Dear Bernie and Helen,
“I have just returned from meeting Yasutani Roshi. He is fine and in good health. On the contrary, I’ve caught a cold in last few days. In Japan very bad cold is spreading. I went to the doctor and got a shot. It will be okay very soon.
Thank you very much for your letter. I am very glad to realize that you are firmly enthusiastic about supporting and expanding the Center. I’ve received a few letters from Grant and John, each time they mention your help and I greatly appreciate it. My study is going along very smoothly, only the matter of time and plan, by the end of this year I may be able to finish without difficulty if I can come back early summer. We’ll talk about it when I return.
Regarding the Berkeley Group, I think it is good idea to sit together. When Koryu Roshi goes, we can take him and have one evening for zazen evening. One thing we should be careful is that since there is one group in Berkeley (SF Center), Peter’s group should not be appeared to be antagonistic toward SF Center Group. Don’t you think? Better avoid unnecessary frictions as much as possible. Take it easy and go steadily, slowly and yet firmly. Everything is always with oneself at any time.
Same thing would be said in looking for a land. When time comes, we can do it, accomplish it without difficulties.”
There’s nothing quite like the new green of an early New England spring.
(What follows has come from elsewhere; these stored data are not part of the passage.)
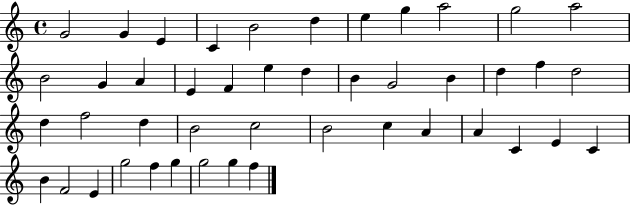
X:1
T:Untitled
M:4/4
L:1/4
K:C
G2 G E C B2 d e g a2 g2 a2 B2 G A E F e d B G2 B d f d2 d f2 d B2 c2 B2 c A A C E C B F2 E g2 f g g2 g f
In Jerusalem, my brother told me, the green is already turning yellow; their spring barely lasts several weeks before the blasts of summer heat arrive. Not so here, where spring is green and fresh, full of optimism and glory. By August it will turn darker and heavier, laden with experience. Now, the leaves arrive full of hope and wild expectation.
And that’s how it was in those few fledgling dharma centers 50 years ago.
The past pulls on me. These 50 year-old letters pull on me. Maezumi Roshi casually mentions Koryu Roshi and Yasutani Roshi, two of the great Japanese Zen masters of the 20th century. I don’t have Bernie’s letters to him; I don’t need them. In every word I can read the sense of something important going on, the youthful joy of participating in history, the lure of the big adventure.
I wasn’t there in those early years of the Zen Center of Los Angeles, but I joined Greyston early enough to remember the excitement of developing socially-engaged Buddhism, the confidence and exuberance, wanting to give it your all because you think it’s so important and because you love it so much.
That’s the thing, you love the Dharma. Some of those early pioneers loved it more than they loved their families, far more than they loved their jobs and friends—most of the time they gave up their friends for their companions in the Buddhist sangha. See the excitement about looking for land in Santa Barbara for a new monastery—and that’s just a few years after the City Center was formed. But they have no doubts, they look to expand, get bigger, stretch out.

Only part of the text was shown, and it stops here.